A good idea is therefore one in which the future is both different and better, which suggests a two-stage process of discovery: the first being the identification of difference, and the second, the exercise of wise judgement, so as to determine, as far as is possible in advance, that the result of the idea will indeed be a ‘better world’ rather than a ‘worse’ one.
As soon as the penny dropped in my mind that creativity is fundamentally the search for difference, everything became much easier. For “different” must mean “different from now”, and what happens now can be seen, touched, felt, experienced, described. That’s important, for it grounds the process of creative discovery in the very real, very tangible, world of now. If I observe, carefully and insightfully, what is happening now, then that gives me a platform for asking “how might this be different?”, forcing the discovery of difference, from which ideas will flow.

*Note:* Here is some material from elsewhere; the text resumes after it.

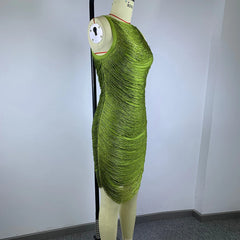 Ruched Metallic Thread Sleeveless Mini Dress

It really is that simple. And much enriched when different people contribute to both the description of the current reality, and the exploration of potential differences.

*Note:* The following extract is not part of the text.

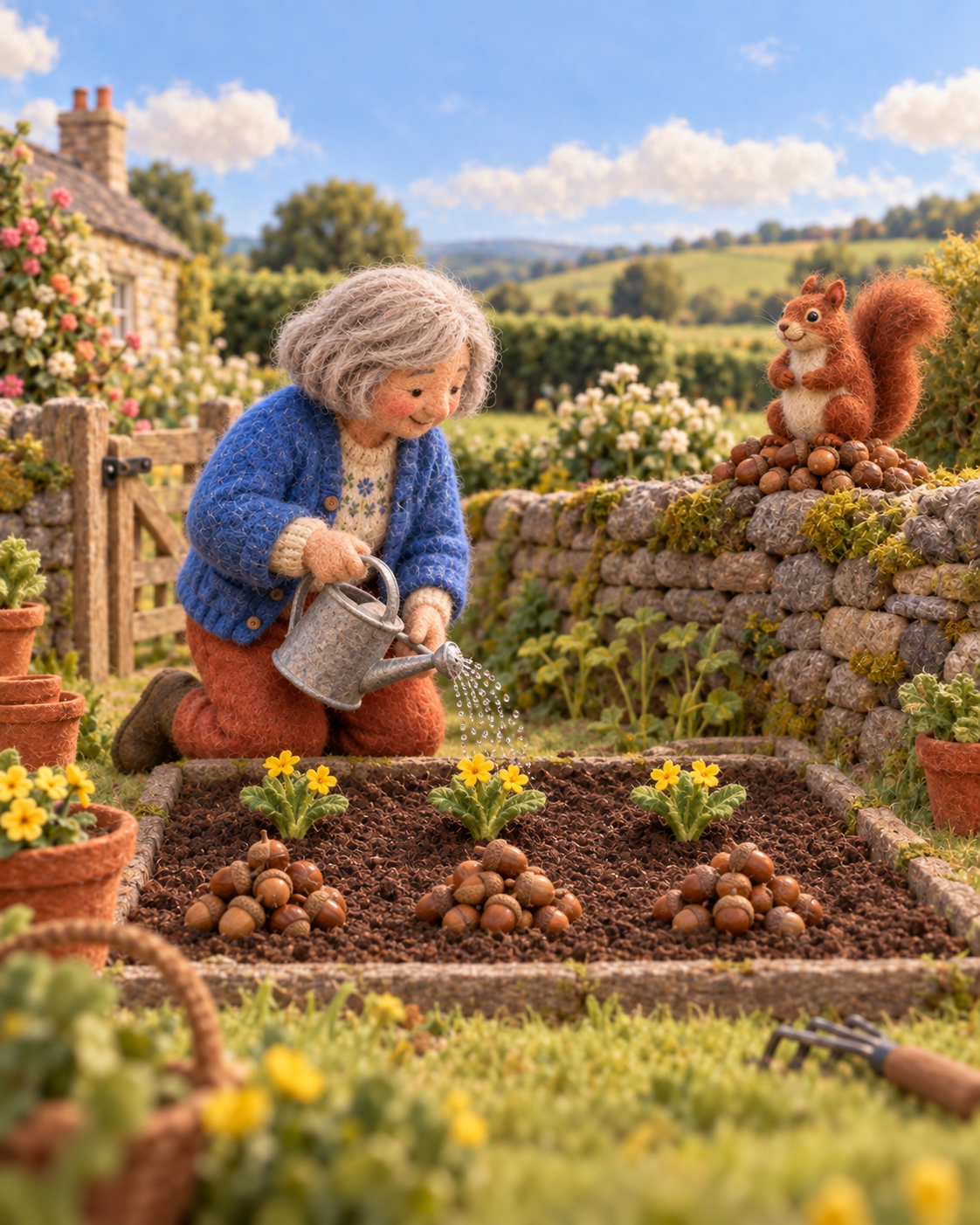 The squirrel surveys its acorn stores while the gardener waters the flowers.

“We’re just going to discover something better.”
Let me give a real example, from a workshop I ran with a team of engineers who design, manufacture, install and service equipment such as pumps, valves and actuators, and some of their customers too. The workshop focused on a particular type of pump and, at the start of the event, I said words along the lines of “Hi, everyone. Today’s workshop is all about being creative – so we’re going to invent some new [ones of these whatever-they-weres] .”
At that point, one of the participants asked, “Sure. But what’s wrong with it? What complaints have we had?”
To which I replied, “Nothing’s wrong. No complaints. We’re just going to discover something better.”
Which triggered someone else to say, “I don’t get it. What’s the problem statement?”
“There is no problem. So there’s no problem statement. We’re just going to discover whatever we can.”
Many of the workshop participants were surprised by that, for there is a widespread belief that creativity – or to use the currently fashionable term ‘design thinking’ – starts with a ‘problem statement’.
No.
One of the big mistakes is to think that creativity is needed only when there is a problem to solve, when there is a clearly-articulated ‘problem statement’. For sure, if you have a problem that needs solving, if customers are complaining, you certainly need to be creative. But if you wait until a problem is biting, it may be too late – as all the victims of so-called ‘disruptive innovation’ know to their cost.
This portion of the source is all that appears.